Edmund Creffield, self-styled “Joshua,” the originator of a peculiar sect of fanatics who were given the name of “Holy Rollers,” still preserves his imperturbability, although faint signs of nervousness now and then are evident.


“It served him right,” was the verdict of the spectators in the courtroom, and then speculation was rife as to whether his followers will adhere to him while he is in the penitentiary, a convicted felon.


Creffield’s followers are scattered throughout the state. One or two are in the asylum for the insane at Salem.


Whether the others observe the tenets of the faith which has ruined their homes in many instances and which has heaped ridicule and persecution on them is unknown. Possibly they meet and observe their religion in secret.



Oregon Sunday Journal (Portland) 9/18/1904 p2

Holy Roller Is Taken To Salem


Edmund Creffield, the high Holy Roller sentenced to serve two years in the penitentiary by Circuit Judge Sears, was taken to Salem yesterday afternoon by Special Deputy Sheriff Clyde Evans. He was handcuffed by the deputy.

When Creffield left the jail the other prisoners hooted and hissed him. He shouted “Glory be to Jesus!”

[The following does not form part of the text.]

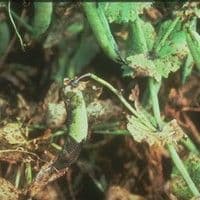 Mancha foliar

Corvallis Gazette Tue 9/20/1904 p3

Creffield Gets Two Years


The lecher Creffield, self-styled Elijah II, bogus prophet of God, religious hypnotist, impostor and all-round dangerous individual, goes to the Oregon state prison for two years for the crime of adultery. This was the decision of a just tribunal that tried his case last Friday. Until the very last, this brazen moral leper, claimed innocence and in the face of overwhelming testimony of his guilt claimed that he was not guilty and further added to the sacrilegious infamy of his cause by asserting boldly that God would plead his cause. What grounds he had for claiming innocence or by what interpretation of Scripture he justified his assertion is a mystery. If God plead his cause his whole scheme of religion has met with divine disapproval, unless he considers disgrace and prison life and ostracism as an evidence of divine favor, which he may yet claim in order to further delude his unhappy victims.

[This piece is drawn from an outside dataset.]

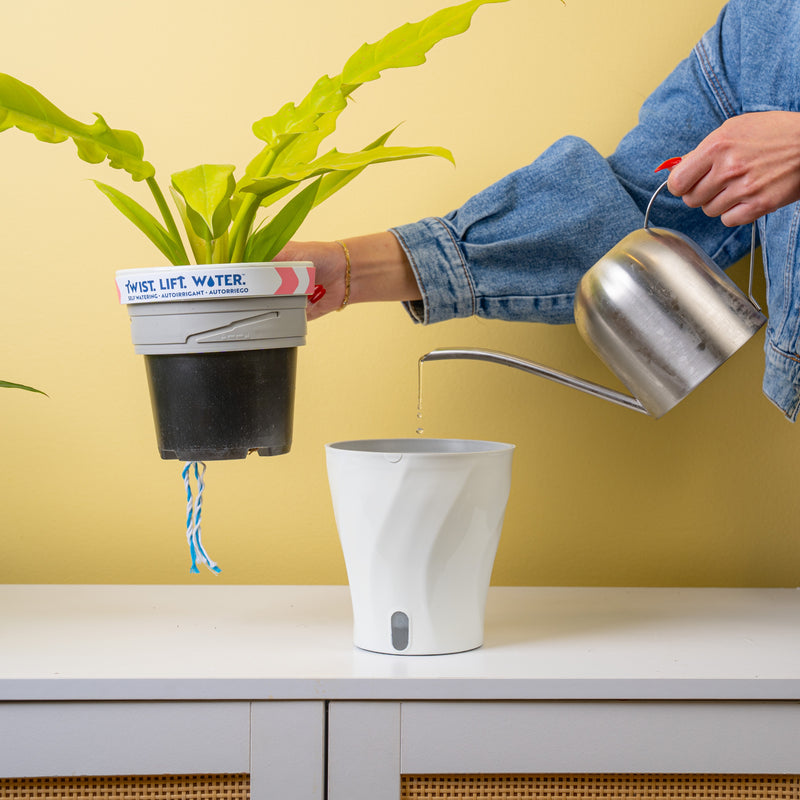 Self-Watering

By the judgment of an impartial judge, an unbiased jury, by eye witnesses and by the force of his own acts for more than two years, Creffield has been pronounced guilty and has been sentenced to suffer for the wrongs he has committed.


The sentence is too light. It is not commensurate with the enormity of the crime. The work of this dangerous man has been far more extensive and far-reaching in its results than most people allow themselves to think.

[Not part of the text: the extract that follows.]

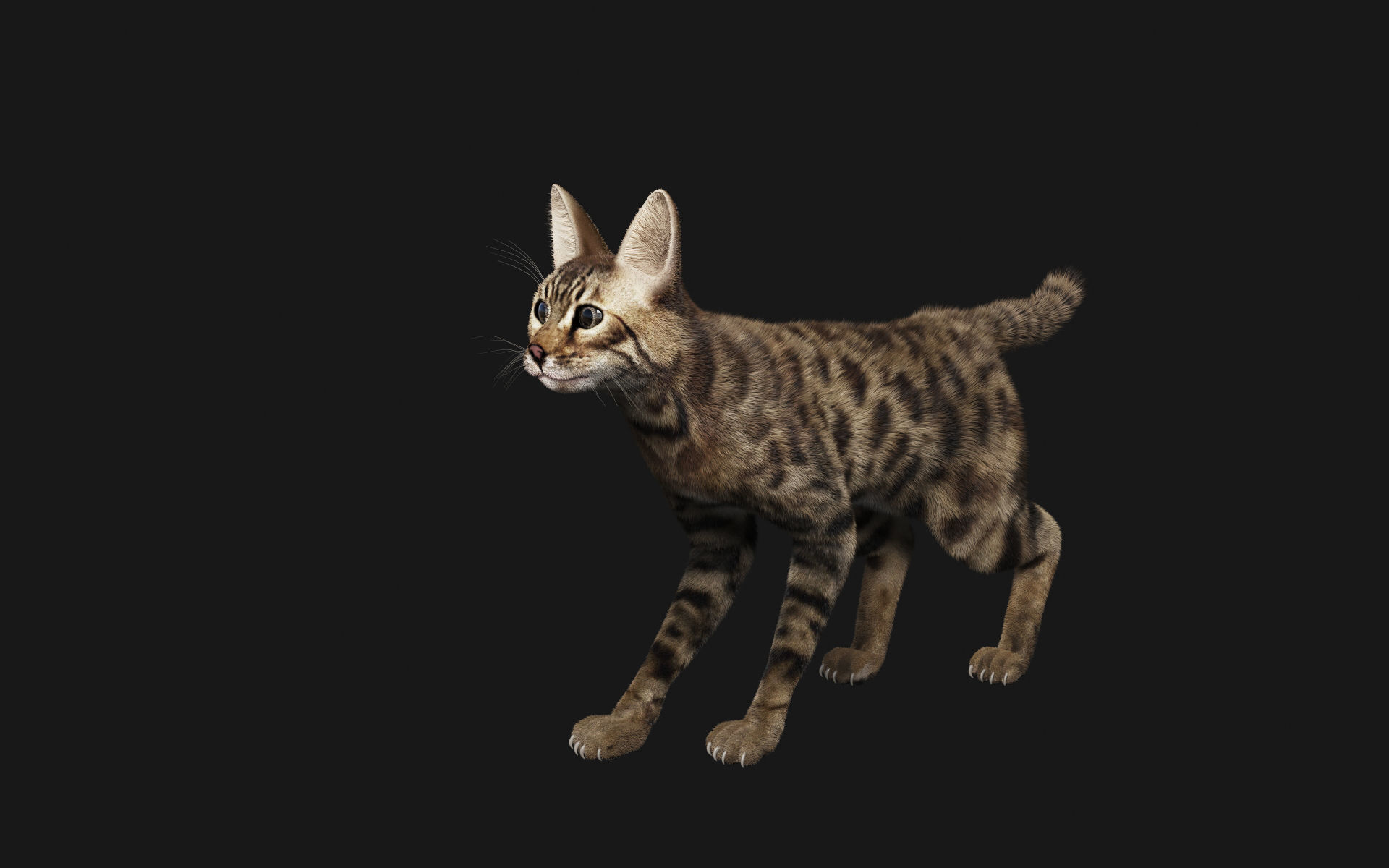 Bengal Cat 3D model_8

The stigma of the insane asylum will never leave those who are there even though they in time gain their liberty. The dangerous religious doctrines inculcated will probably never be eradicated from their minds. The very fact that the city of Corvallis has endured him and his sect for so long without making pronounced effort to have them removed has had a baleful and deadening effect upon public morality.


Corvallis Times 9/21/1904 p2

Creffield’s Confession


Newspaper accounts of the Creffield trial tell how the scoundrel confessed his crime, and how he claimed he was ordered of God to do the deed. It appears also that he regularly taught the practice of adultery as a part of his doctrines. His example is an extreme case of depravity, robed in the livery of Heaven, posing as a saint and mouthing of sacred things while secretly playing the libertine. His like in perfidy and dishonor would be hard to duplicate on the face of the earth. The man who lies in wait and shoots his victim down is a gentleman compared to this man-shaped reptile. The fire-bug is one of the lowest and most despicable of offenders, but he is even more respectable compared to this rotten Creffield. The ordinary libertine who enters a home and contaminates it is vile beyond compare, but this offense is trivial in contrast with that of him who does the same thing on a false pretense of Christianity and with the name of Jesus and God on his dirty lips. In vileness, diabolism and all-round deviltry, Creffield is unmatched, and matchless as his own avowals and the desolate condition of his asylum victims so faithfully prove. In his brazen confession, there is full and satisfactory explanation of why those he had wronged drove him, tarred and feathered from Corvallis, and a wonderful exhibition by them of self control and respect for legal authority, in that they did nothing worse.